Listen to this story
Meta AI has developed the first model capable of automatically verifying hundreds of thousands of citations. Trained over 134 million public web pages, the open-sourced model can check whether the citations support the corresponding claims.
It highlights questionable citations, allowing human editors to assess the cases that are most likely to be flawed without having to sift through thousands of properly cited statements. If a citation appears irrelevant, the model will recommend a more relevant source, even pointing to a specific passage that supports the claim.
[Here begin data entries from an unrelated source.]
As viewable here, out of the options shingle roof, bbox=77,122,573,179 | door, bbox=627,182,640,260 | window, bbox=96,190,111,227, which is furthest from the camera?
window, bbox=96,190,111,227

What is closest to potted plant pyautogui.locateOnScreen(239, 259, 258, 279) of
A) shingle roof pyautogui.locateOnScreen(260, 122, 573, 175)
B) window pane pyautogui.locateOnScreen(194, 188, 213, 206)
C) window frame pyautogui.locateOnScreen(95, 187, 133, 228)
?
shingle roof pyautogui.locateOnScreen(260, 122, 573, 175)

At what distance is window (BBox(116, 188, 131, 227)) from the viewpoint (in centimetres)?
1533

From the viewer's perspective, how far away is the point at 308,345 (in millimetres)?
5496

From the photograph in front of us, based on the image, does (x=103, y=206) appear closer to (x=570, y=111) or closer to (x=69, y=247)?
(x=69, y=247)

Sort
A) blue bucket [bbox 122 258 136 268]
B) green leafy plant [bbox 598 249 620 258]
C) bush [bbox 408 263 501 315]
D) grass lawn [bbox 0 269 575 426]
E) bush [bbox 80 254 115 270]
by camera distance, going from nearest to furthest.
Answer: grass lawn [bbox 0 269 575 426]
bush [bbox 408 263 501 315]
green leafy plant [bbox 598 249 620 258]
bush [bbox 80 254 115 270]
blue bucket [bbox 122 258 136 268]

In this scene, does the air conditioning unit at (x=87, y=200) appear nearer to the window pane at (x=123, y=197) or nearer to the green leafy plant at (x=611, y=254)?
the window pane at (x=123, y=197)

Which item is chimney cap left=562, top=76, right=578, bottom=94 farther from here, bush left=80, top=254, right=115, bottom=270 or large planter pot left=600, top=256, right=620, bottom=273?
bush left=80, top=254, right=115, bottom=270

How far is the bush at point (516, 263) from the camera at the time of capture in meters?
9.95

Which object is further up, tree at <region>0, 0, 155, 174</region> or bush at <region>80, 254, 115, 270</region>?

“This is a powerful example of machine learning tools that can help scale the work of volunteers by efficiently recommending citations and accurate sources. Improving these processes will allow us to attract new editors to Wikipedia and provide better, more reliable information to billions of people around the world. I look forward to continued improvements in this area, especially as machine learning tools are able to provide more customized citations and multilingual options to serve our Wikimedia communities across more than 300 languages,” said Shani Evenstein Sigalov, a lecturer and researcher at Tel Aviv University, and Vice Chair of the Wikimedia Foundation’s Board of Trustees.
Learning all of Wikipedia
In September 2020, Meta released an AI model that integrates information retrieval and verification. Since then, the company has been working on training neural networks to learn more nuanced representations of language so that they can find relevant source material in a pool of data the size of the internet.
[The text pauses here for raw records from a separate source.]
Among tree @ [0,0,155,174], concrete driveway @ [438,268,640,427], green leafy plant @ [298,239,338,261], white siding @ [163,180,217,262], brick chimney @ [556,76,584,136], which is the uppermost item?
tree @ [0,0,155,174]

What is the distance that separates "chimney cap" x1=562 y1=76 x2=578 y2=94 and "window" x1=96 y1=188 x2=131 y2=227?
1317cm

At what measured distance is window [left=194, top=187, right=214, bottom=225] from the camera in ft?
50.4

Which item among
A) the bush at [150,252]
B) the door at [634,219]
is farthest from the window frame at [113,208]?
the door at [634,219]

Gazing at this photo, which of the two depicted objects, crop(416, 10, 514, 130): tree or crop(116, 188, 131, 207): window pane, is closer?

Using natural language understanding (NLU) techniques, the system estimates the likelihood that a claim can be inferred from a source. To determine whether one statement supports or contradicts another, the models create and compare mathematical representations of the meanings of entire statements during a search.
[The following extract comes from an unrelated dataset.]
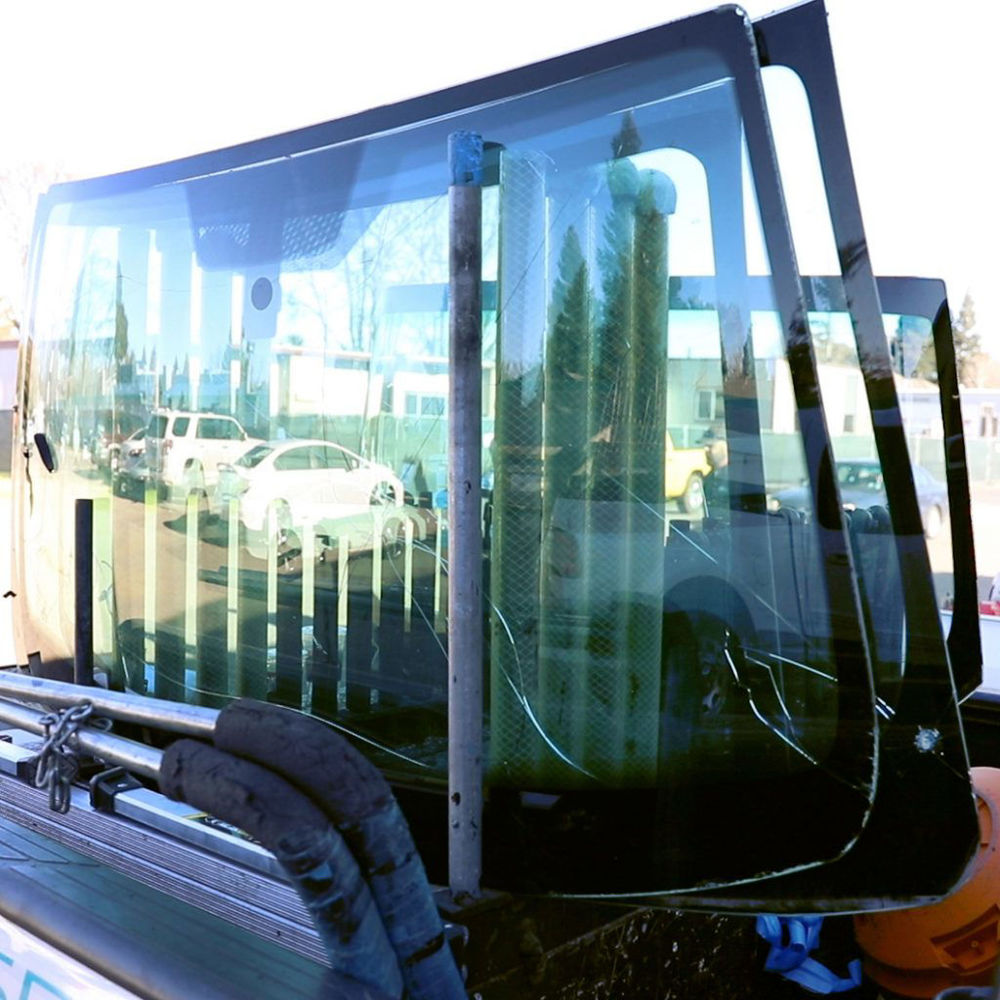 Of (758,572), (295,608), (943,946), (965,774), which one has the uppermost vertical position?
(758,572)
The new dataset of 134 million web pages serves as one of the system’s main components: Sphere, an open-sourced web-scale retrieval library. Meta has fed the algorithms 4 million Wikipedia claims, teaching them to point out a single source from a vast pool of web pages to validate each statement. Because webpages can contain long stretches of text, the models evaluate content in chunks and take only the most relevant passage into account when deciding whether to recommend a URL. These prebuilt indices, which catalogue 40 times more content than other Wikipedia indices, will be included with Sphere.
The indices route potential sources through an evidence-ranking model that compares the new text to the original citation. The model ranks the cited source and the retrieved alternatives based on the likelihood that they support the claim using fine-grained language comprehension. In the real world, the model will recommend the most relevant URLs as prospective citations for a human editor to review and approve.
Making sense of the real world
Meta’s ultimate goal is to create a platform that will assist Wikipedia editors in systematically identifying citation issues and quickly fixing the citation or correcting the content of the corresponding article at scale.
This model could also guide the way to better results on many other tasks, such as classic natural language inference, retrieval in question-answering systems, and few-shot learning.